I am trying to understand the graph of $\int_0^1\int_{8y}^1dxdy$. Upon solving the double integral, I get $\int_0^1{1-8y}dy\Rightarrow-3.$ Which I believe is correct, but I'm mainly putting this work in case it matters for the graph or I did something wrong. But upon graphing the boundary equations, I get the following graph https://www.desmos.com/calculator/xofiu5ggqs.
This is what I don't understand. I have not seen this particular case. I'm not sure what happens when a horizontal bound "cuts off" (for lack of a better phrase), a vertical bound like this. So does this double integral solve for the red region or black region or something entirely different? Also, to my understanding, a double integral will only be negative if the region is below the x-axis as well so perhaps my work is incorrect as well. So there's a lot I don't understand about this graph.

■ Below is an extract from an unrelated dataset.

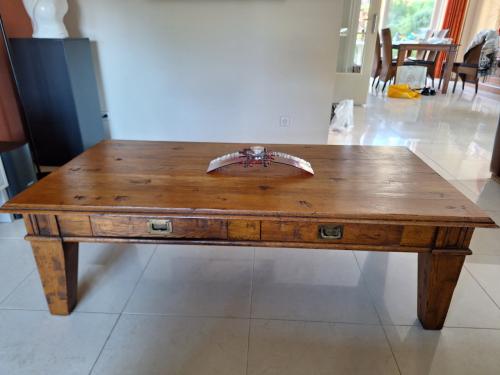 Salontafel massief eiken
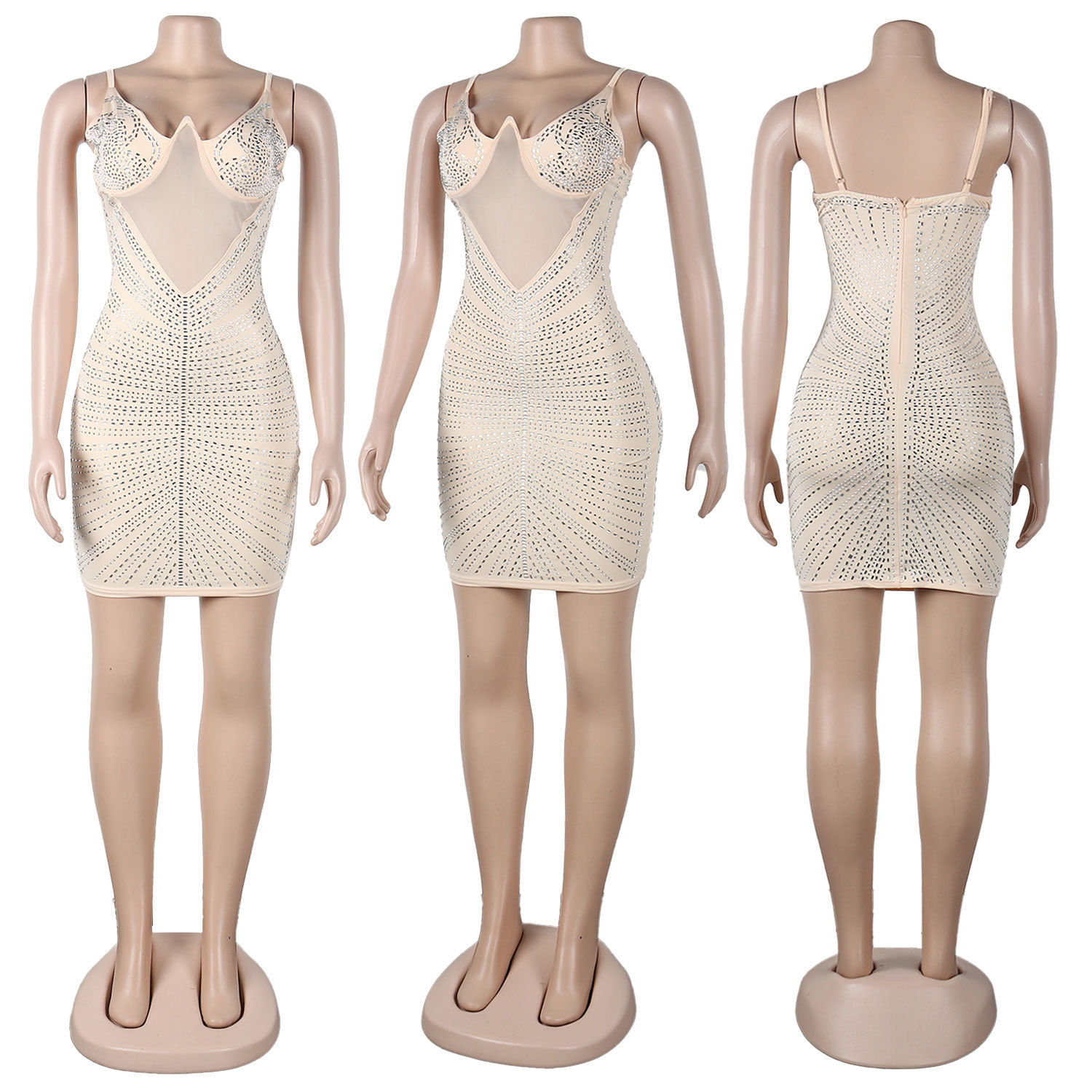 CM.YAYA Women Rhinestones Hot Drilling Mesh See Though Patchwork Midi Mini Dress Crystal Party Dresses Night Out Robes Vestidos CM.YAYA Women Rhinestones Hot Drilling Mesh See Though Patchwork Midi Mini Dress Crystal Party Dresses Night Out Robes Vestidos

Edit: I saw some posts that were deleted by their poster that stated that the result of $-3$ comes from the difference of the triangle formed by the intersection of $x=8y, y=1$ and the red region. Is it proper for this to happen? In other words, is it not acceptable for a double integral to represent the area of two regions or is it simply a unique case?
Best Answer
As you can see from Desmos the boundary of your integral does not describe any valid region since it is doing the black triangle plus the negative of a triangle to the right of the red region. You'll have to ask your professor to correct the typo.